What is in this article?:
- Fall menus go beyond pumpkin
- Duck and pumpkin
Almond milk, duck and Lao cuisine are among foods gaining traction this season.
Duck and pumpkin
Duck, a game meat, appears on menus more in the fall than other times of the year, but it also enjoyed robust growth in the first half of the year, according to GuestMetrics, which monitors point-of-sale data at full-service restaurants.
The consulting firm said duck sales grew by 7 percent between January and June of 2013 compared to an overall food-sales growth rate of 1.8 percent. Duck tacos, Peking duck and duck salad were particular sales drivers, GuestMetrics said.
When chicken wing prices skyrocketed around the time of the Super Bowl this year, some restaurants turned to duck wings as alternatives. Greg Boschetti of Temple Bar in Cambridge, Mass., served confit duck wings, which he deep-fried to order and served with a sweetened soy-sauce reduction, priced at $11 for an order of 10 to 12 wings.
Brick House Tavern + Tap, a 13-unit chain of Houston-based Ignite Restaurant Group, recently introduced duck wings. A three-quarter-pound order of slowly roasted and flash-fried wings in a spicy brown sugar-based sauce is priced at $11.
Mark Liberman, chef of AQ restaurant in San Francisco, said he plans to offer rotisserie duck on the menu at TBD, a restaurant scheduled to open in October that prepares all of its food in wood-burning hearths.
Liberman, who was raised in the San Francisco Bay area, said he grew up on rotisserie duck, so it’s a nostalgic item for him. He also said that whenever he puts duck on a menu it’s a top seller.
Nine-unit steakhouse Eddie Merlot’s plans to offer a classic duck á l’orange this fall — a confit leg and pan-seared duck breast in orange beurre blanc, served with mashed sweet potatoes, priced at $33.

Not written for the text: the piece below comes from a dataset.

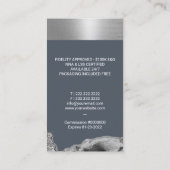 Notaris Overheidslening Ondertekenende Agent Blue  Visitekaartje (Achterkant)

Duck has even made it into a shepherd’s pie at Avant at the Rancho Bernardo Inn in San Diego, where chef Nicolas Bour adds shredded duck confit to a duck-stock-based sauce and tops it with whipped potatoes. The dish is priced at $28.
Other types of squash
McDonald’s said it would introduce a pumpkin spice latte this fall, meaning that the drink, which Starbucks popularized as a seasonal offering, is now everywhere. Pumpkin doughnuts, cupcakes, pancakes and pies have proliferated in the fall for the past several years. Now chefs are looking for something new that’s autumnal, appropriate for dessert, and made with other types of squash.
The Refinery in Tampa, Fla., will offer a butternut squash semifreddo with salted orange caramel. The dish, priced at $7, has a little bit of pumpkin in the form of candied pumpkin seeds, which the restaurant refers to by its Spanish name, pepitas. Butternut squash crumble is on the menu at Library Bistro and Bookstore Bar in Seattle, priced at $8.
At Oceana in New York City, a dessert called Mont Blanc, because it resembles a snow-capped mountain, is made with puréed chestnuts and blue Hubbard squash topped with whipped cream and served with smoked vanilla ice cream. The dessert is priced at $12.
This article has been revised to reflect the following correction:
Correction: Sept. 12, 2013 A previous version of this article misstated Eddie Merlot's unit count. The steakhouse has nine units.